[WARNING: The following review contains spoilers and naughty language.]
Poor Josh. Our original Bro on Broadway had never seen a play in his life when he crossed paths with TheaterMania–so we sent him to a French period romance play written in verse. We recognize now how brutal that was, and were relieved when Josh said he’d be “down” to get back to Broadway anytime.
This week, Macin–Brazillian Jiu-Jitsu champion, online dating expert (though bro is single) and ridiculous human being–takes on Broadway’s starry revival of Tennessee Williams’ Cat on a Hot Tin Roof. A classic American play featuring bombshell beauty Scarlett Johansson, a football player, and a ton of booze? It seemed like a bromance in the making.
Bro: Josh Maccon
Last Show Seen: Cyrano de Bergerac
Show Reviewed: Cat on a Hot Tin Roof
[Josh enthusiastically prefers the “re” spelling of theater. It reportedly makes him feel smart.]
Walking into the Richard Rodgers Theatre for my second Broadway play, or not Broadway play, ever, I realized just how out of place I was. Everyone reeked of money and sophistication, and the ticket prices exceeded the amount of money in my bank account. But just before the show started, two women who looked like they had money were kicked out of their prime, front row real estate for stealing seats from two other women who also looked like they had money—I don’t understand theatre people.
The show started with Maggie [Scarlett Johansson] bitching non-stop at her husband Brick [Benjamin Walker], who was gimping on a broken ankle. I immediately thanked god I was on Ritalin. In the first 30 minutes of the show, which was all complaining about sex, only three significant thoughts entered my head:
1. The furniture in this bedroom is absolutely stellar.
2. Maggie is nothing to write home about. I thought Scarlet Johansson was supposed to be super-hot?
3. I have never seen someone milk an ankle injury worse than Brick. Is he really thrashing his whole body around over an ankle? I broke both ankles when I was a child and never behaved that way.
I noted that Maggie told Brick she liked sleeping with him because he was an “indifferent lover” and decided to try his “indifferent” approach later. (It didn’t yield the same results.) Aside from that I had virtually no idea what was going on.
The play is three hours long and it was difficult to focus. I can hardly tell you what they were all talking about besides “mendacity” and “spastic colon,” which I understood to be Southern for “explosive diarrhea.” I know there was a lot of discussion about Big Daddy’s [Ciaran Hinds] inheritance—the entire family told him he was diagnosed with the Hershey Squirts when in reality he was dying of terminal cancer—and Brick’s alcohol problem. (Brick crushes whiskey. He would have been a star in my frat.) Big Daddy can’t stand the sight, sound and smell of his aggressive wife, Big Momma [Debra Monk], but it still with her and complaining about it. It just seemed like everyone was complaining all the time, but maybe that’s how it is in the South.
It also seemed that Brick, Maggie, and this dude “Skipper” had a threesome or something, and Skipper killed himself shortly after. Between that, the erectile dysfunction, and his dead best friend wanting his “D,” I really started to question Brick’s sexual orientation.

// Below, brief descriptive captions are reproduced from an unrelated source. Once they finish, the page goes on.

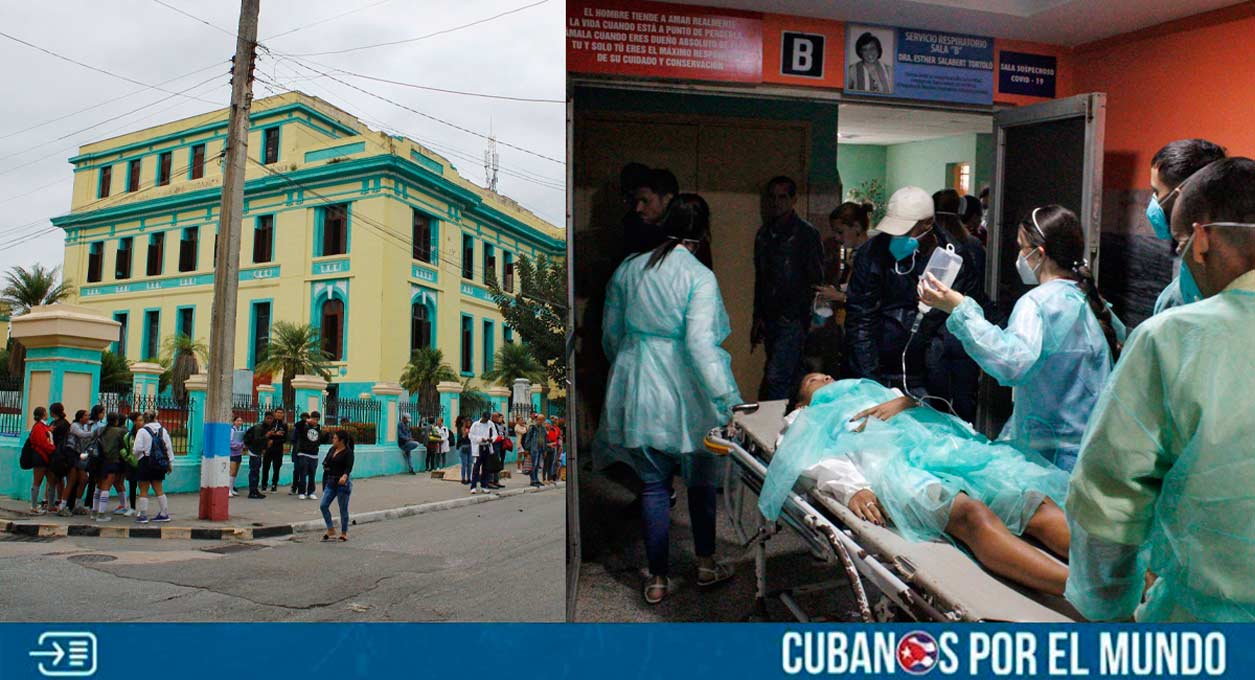 Estudiantes del preuniversitario José Luis Dubrocq, ubicado en la ciudad de Matanzas, tuvieron que ser evacuados después de que se registrara un escape de gas. 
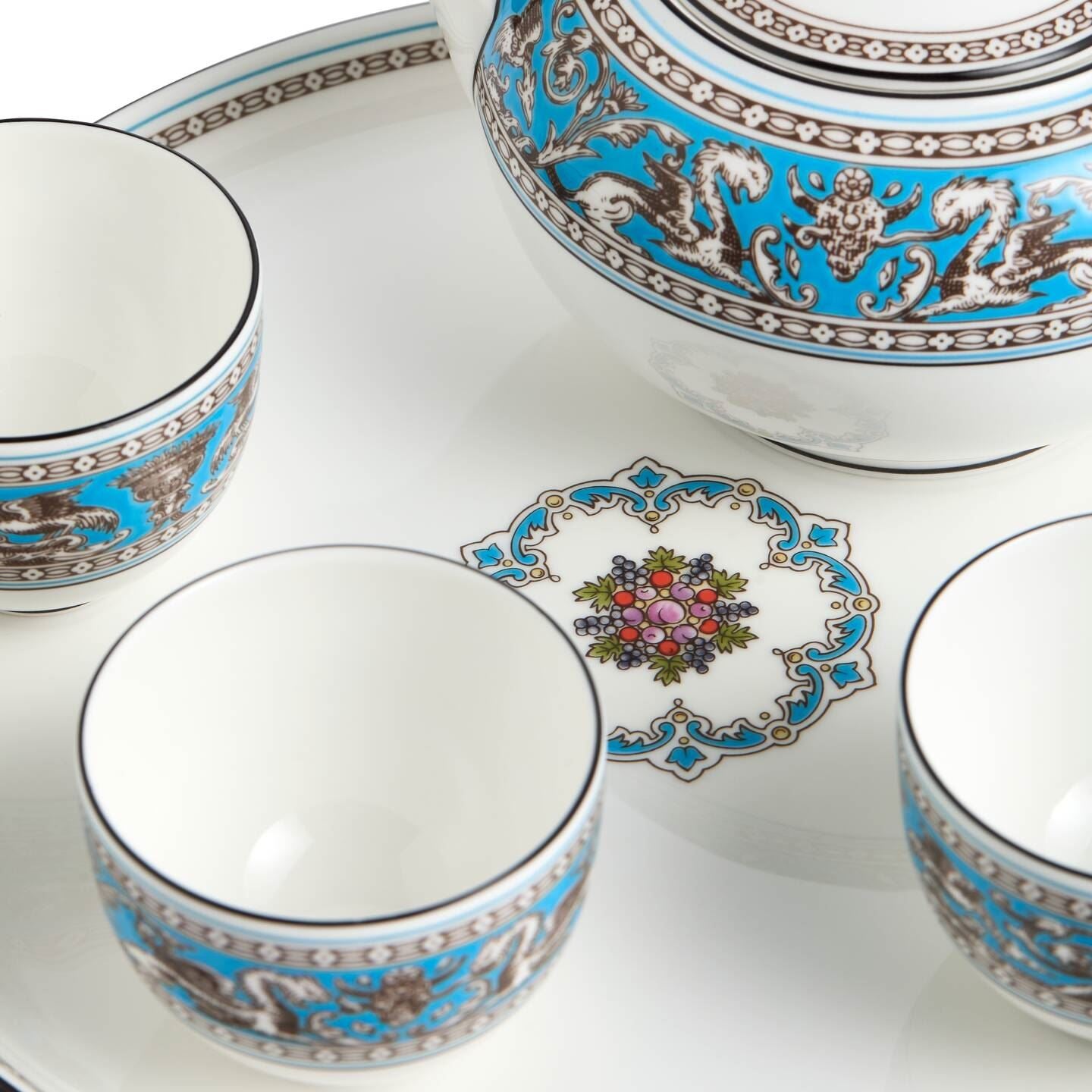 Florentine Turquoise Teaware Asian, 6 Pieces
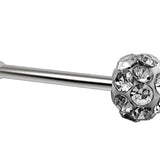 Straight Nose Stud Piercing, Titanium 20g Nose Pin with Fixed Ball CZ Crystals - Body Piercing for Nostril Stud, Nose Piercing, Nose bone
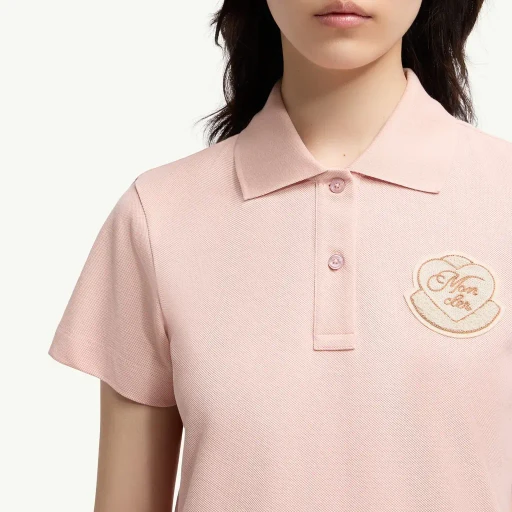 Heart Logo Patch Cotton Piquet Polo Shirt
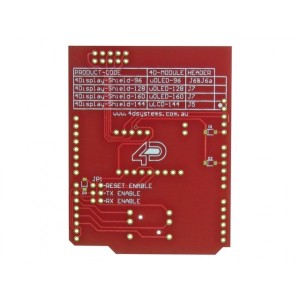 4Display-Shield-144 1.44" LCD Display Shield for Arduino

Now, in the beginning Maggie was so loud and obnoxious I couldn’t appreciate her. But when she started calming down I realized how beautiful she was. It honestly felt like voodoo, because I went from thinking she was mildly attractive to being obsessed with the thought of sleeping with her. I’ve never had that happen to me without alcohol.
I ultimately assumed Maggie was supposed to be the “cat on a hot tin roof” because I didn’t see any cats and she was by far the most uncomfortable character. She had this chicken-or-the-egg type scenario: Was she upset and talking all the time because she couldn’t get pregnant because her husband had whiskey d***? Or did Brick drink endlessly and not get it up because his wife wouldn’t shut up? Food for thought.
I thought the acting was great from Maggie, Big Daddy and Gooper [Michael Park], who were definitely the easiest to pay attention to. I despised all the kids [“no neck monsters”] and hated Brick, and the pathetic way he was thrashing around on that ankle. I thought they should actually give him real drinks instead of food-colored water so he would loosen up.
Anyway, all the talk of mendacity in the show makes me want to be brutally honest:
1. I had to look up what “mendacity” meant.
2. This show was f****** awful. How can you only have one bedroom be the set of the entire play?! Yeah, the furniture was nice, but not three hours nice.
3. I was told this play is considered a masterpiece—an “American classic.” Well, I couldn’t care less about seeing an American classic. Entertainment and how much you enjoy it are dependent on your emotions at the time and your own background, not whether something is a “classic.” The whole thing makes me more confused about theatre–if more than 50% of the audience honestly enjoyed the show then I am just a weird person. Though I did meet a nice guy outside the theater who said he contemplated suicide three times during the play. [Ed’s Note: The aforementioned conversation did happen.]
That guy hit the nail on the head. If all American classic plays are like this then consider this my last review, because it was absolute torture.